Typical calibration curve of a potentiometric sensor determined in this way is shown in figure 2. Typically, the electrode calibration curve exhibits linear response range between M and M.

This membrane can be prepared as: However, in certain applications the value of the electrode slope is not criticaland worse value does not exclude its usefulness. In practice the potential difference i. Eletrodos Ion-Seletivos When the membrane separates two solutions of different ionic activities a1 and a2 and provided the membrane is only permeable to this single type of ion, the potential difference E across the membrane is described by the Nernst equation: Each of them has got advantages and drawbacks, and there are not general rules pointing which method gives the true result.

Industrial Processing of Cotton-Seed apud ref.

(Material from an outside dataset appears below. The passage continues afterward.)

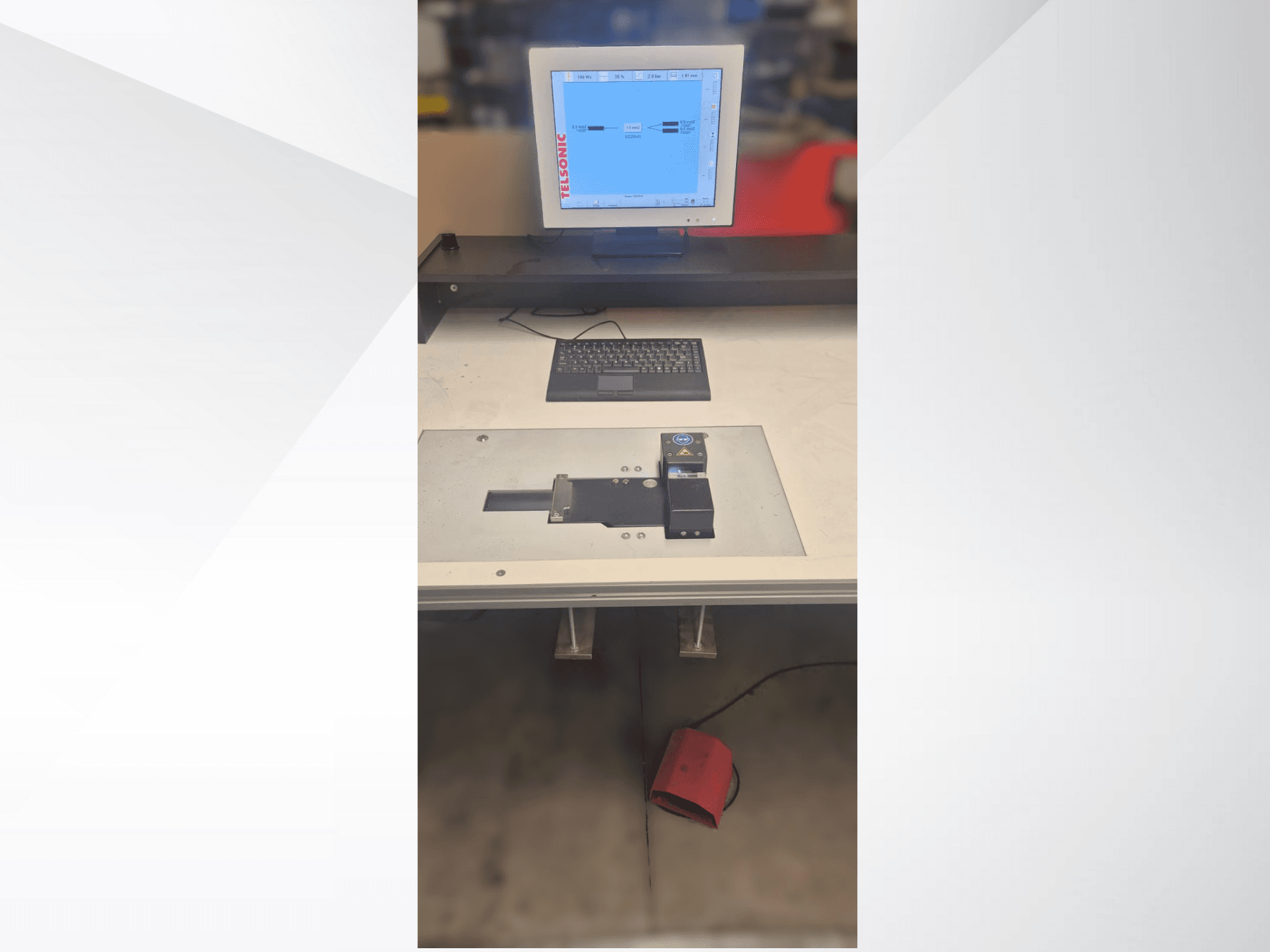 Egy tesztállomás felülről lefelé néző nézete számítógépes monitorral, billentyűzettel és egy gombot és egy zöld fényt tartalmazó vezérlőpanellel.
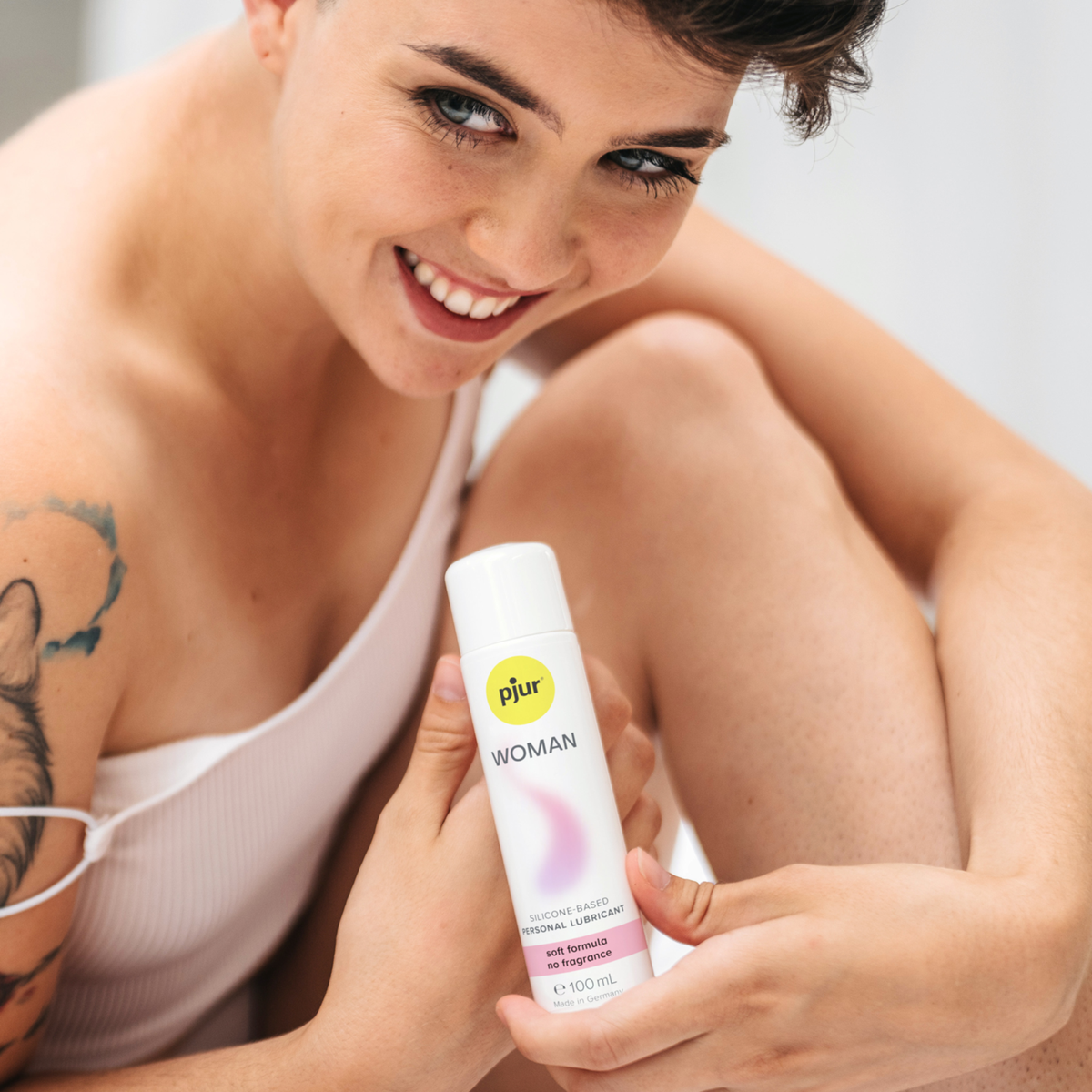 Smiling woman with short hair holding a bottle of pjur Woman Silicone-Based Personal Lubricant (soft formula, no fragrance).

Europa’s Quality Acceptance apud ref. New York,vol. New York,cap. Dx 10 for WindowsMinitab: A useful slope can be regarded as [mV per decade] [mV per decade] for double charged ion respectively.


However, it should be pointed out that a single time constant does not describe the form of the electrode response function. Free fatty acids are a measure of evaluating fats and oils, submitted to abusive conditions, besides being a quality characteristic of edible vegetable oils. All the contents of this journal, except where otherwise ea, is licensed under a Creative Commons Attribution License. Typically such a membrane contains an analyte-selective component whichis responsible for the recognition process.

If only one type of an ion can be exchanged between the two phases, then the potential difference formed between the phases is governed only by theactivities of this target ion in these phases.

Eletrodos Ion-Seletivos The fundwmentos difference can be measured between two identical reference electrodes placed in the two phases. Services on Demand Journal. Different methods of the selectivity determination can be found in the literature. Most often it is expressed as the logarithm of Kxy. The experimental selectivity coefficients depend on the activity and a method of their determination. Moreover, in many investigationsthe response time of the overall measuring system is determined, which influences on the response time of the ISE.

An potenciometrua membrane is the key component of all potentiometric ion sensors. The theoretical valueaccording to the Nernst equation is: This definition can be extended to consider the drift of the system.